# What is expected:
Every line in the records below between the one holding "4T1K61AKXMU480331 Toyota CAMRY XSE" and the one holding "PDT confirma candidatura", inclusive, is to be set down exactly; all other lines are to be left out.

# Data supplied:
###

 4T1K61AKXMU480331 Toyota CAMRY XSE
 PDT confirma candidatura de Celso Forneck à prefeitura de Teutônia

###

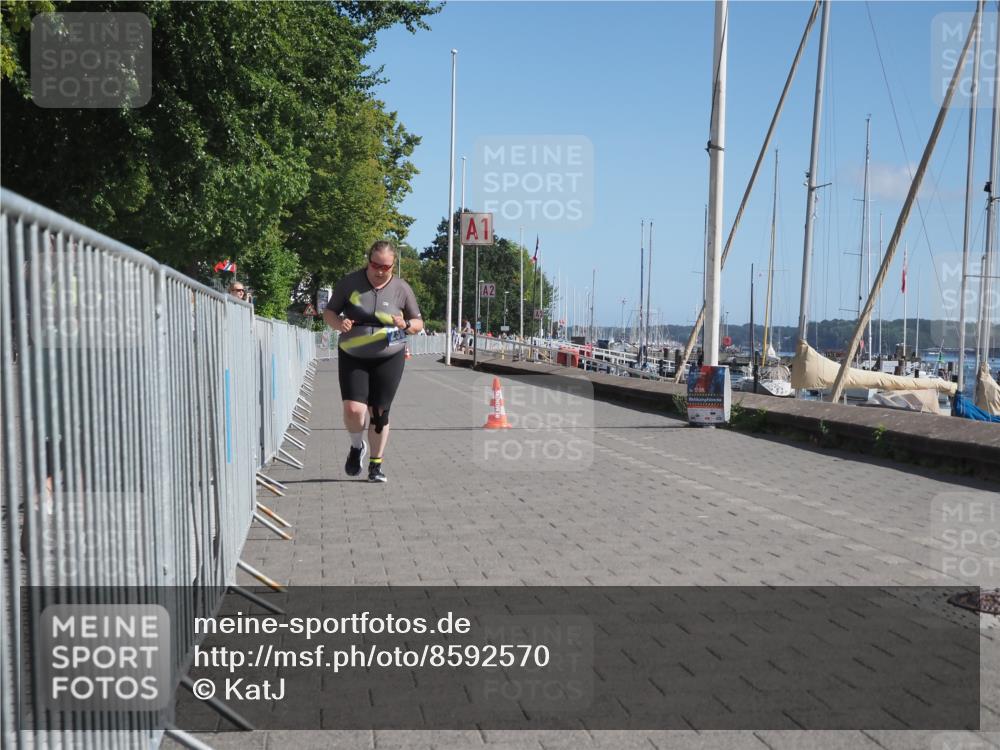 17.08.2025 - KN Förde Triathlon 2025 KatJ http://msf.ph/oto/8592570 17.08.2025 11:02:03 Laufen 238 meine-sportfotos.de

###

# Expected output:
 4T1K61AKXMU480331 Toyota CAMRY XSE
 PDT confirma candidatura de Celso Forneck à prefeitura de Teutônia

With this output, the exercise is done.